1はとてもにリアルだったと思います。つらい、キツイという点において。しかし構造上死んでいるのが自分(主人公)なので、死者との別れやそこからの前向きな立ち直りってできないんですよね。プレイヤーには。だからこそ2点目の感情移入については全然できない。他のキャラクターたちとは本編でこってりと絆を作っているという本編の特性上、今更映画みたいに「私は○○に一番感情移入できたなー」ってならない。友達や恋人としては思うところはあってもあくまで他人として共感するだけで、本編とはちょっと違うんですよ。制作サイドが主人公=私というスタンスではあるならば、このストーリの最後に主人公としての何かを用意してほしかった。

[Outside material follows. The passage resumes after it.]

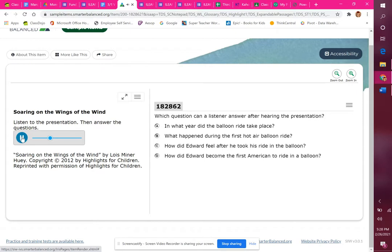Carnes decided to try it again in nearby Baltimore. A huge crowd gathered as he launched a tethered balloon, 35 feet wide and 30 feet tall, 200 feet into the air.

3についてはこういう死に関する疑似体験という物を「得るモノ」にしたかったのだろうと思います。でも、死の喪失とそれを乗り越えるというテーマは荒垣先輩でもうやってしまった。自分の死後どうなるかという体験は、面白い設定だけど「命のこたえにたどり着いて、最高の充実の中で死を迎えた*結果待っているのが大切な仲間たちが殴り合う姿」なのは救いが無さ過ぎる。体験シミュレータとしての役割を果たすという意味では、やっぱり最後に主人公としての介入ポイントを作って、そこを体験ポイントにして欲しかったなという思いがあります。
*P3で描きたかったのは「最高の充実の中で事切れるラストシーン」であるというインタビューがあります。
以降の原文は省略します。